33 commentaires sur “L’art de pleurer en choeur de Erling Jepsen

  1. C’est vrai que cette manière de présenter les choses est très loin de la nôtre mais comme tu le dis, le propos ne porte pas moins. Tu m’as intriguée avec ce billet et si ce livre croise ma route, je le prendrai…

  2. Euh… en effet, c’est particulier. mais j’ai tendance à te faire confiance, et à l’éditrice aussi… On verra si ma bibli se lance dans l’aventure…

  3. C’est plutôt surprenant, c’est sûr, mais je ne suis pas certaine de vouloir me lancer dans l’aventure pour le moment. Je joue la prudence et je vais attendre l’avis d’autres lectrices-cobayes 😉

  4. Eh bien dis donc, voilà encore un titre qui pourrait entrer dans mon challenge (rien que pour le mot choeur, certes). En effet, c’est une maison d’édition très intéressante…

  5. Il est sorti en poche et la suite vient d’être traduite mais je ne sais plus le titre. Ne passe pas à côté de Morten Ramsland et son réjouissant « Tête de chien » (Folio), un auteur danois qui demande à être connu.

  6. Cela semble très spécial… J’ai déjà un ou deux danois dans ma PAL avant, dont celui que cite Moustafette au-dessus ! 😉

  7. Le challenge, c’est celui que j’organise, sur des livres qui parlent de musique ou ont un mot musical dans le titre. Je vais donc y noter ce titre.

  8. J’aime les romans dérangeants… J’étais complètement passé à côté de celui là ! Et je n’avais pas entendu parler de « Rien » non plus.

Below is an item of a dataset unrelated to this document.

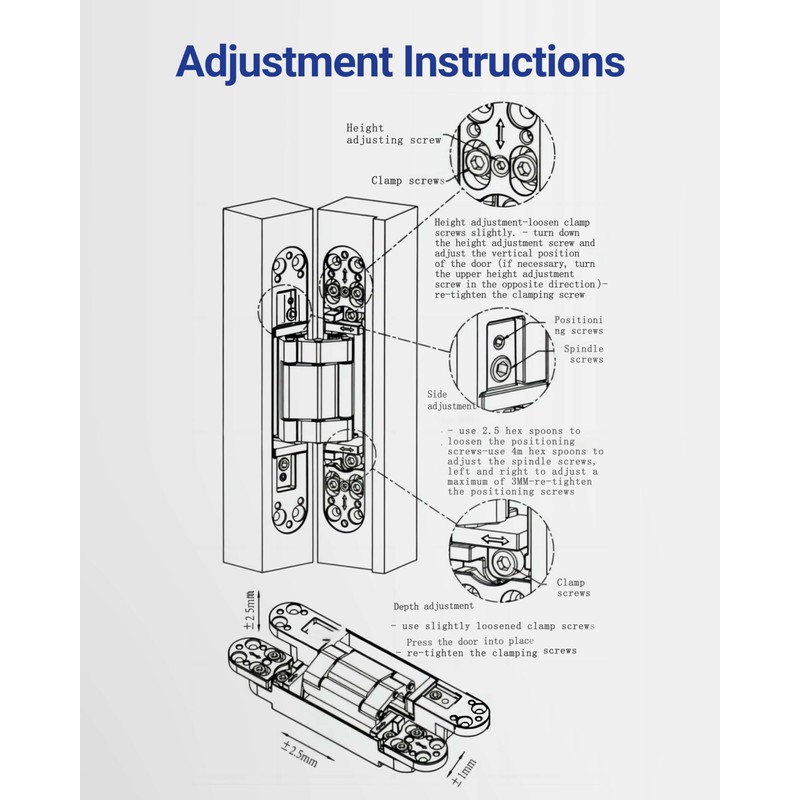Upgraded Hidden Door Hinges Invisible Hinges, 7" Zinc Alloy Concealed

Je note donc, dans un coin de ma tête !

    1. Il faut changer d’angle de vue je crois avec ce genre de livre, un peu comme pour les romans asiatiques (que je ne parviens pas à lire pour ma part) : cet humour-là est vraiment spécial.

  9. je note, naturligvis…
    tu parles que je veux le lire ! un auteur danois, que je ne connais pas…
    je veux le lire, je veux le lire, je veux le lire, je veux le lire, je veux le lire, je veux le lire

  10. L’extrait est effectivement bien bien glauque…. Je ne sais pas si j’arriverai à lire un livre comme ça ! Mais c’est vrai que les éditions Wiespeser ont souvent des auteurs de qualité et assez peu connus

  11. Je ne connais aucun des deux auteurs que tu cites.
    De la littérature qui déstabilise ? qui surprend ? voilà un billet qui est plus que tentant !

  12. C’est vrai que les faits sont terriblement noirs et racontés par un enfant doivent le paraître encore plus, style humour noir! Par contre l’extrait que tu cites ne me choque pas. Certes la manière de raconter est maladroite (on sent bien que c’est un enfant qui parle) mais le fait lui-même, une naissance, n’est pas choquant. A la campagne c’est une scène courante et ma propre fille quand elle était dans sa phase « véto » a souvent aidé à « accoucher » des chèvres. Et c’est un acte très gratifiant d’aider à donner la vie, fût-ce chez un animal!

    1. C’est mon âme de citadine, née les deux pieds dans le béton et qui aime les odeurs d’échappement qui parle : même sur papier, cette scène-là m’écœure… C’est la vie certes, mais le bras entier dans la truie très peu pour moi… J’aime la ville et tout ce qui va avec, je ne supporte pas la campagne plus de… trois jours… mais bien sûr, je comprends tout à fait qu’elle puisse avoir ses charmes.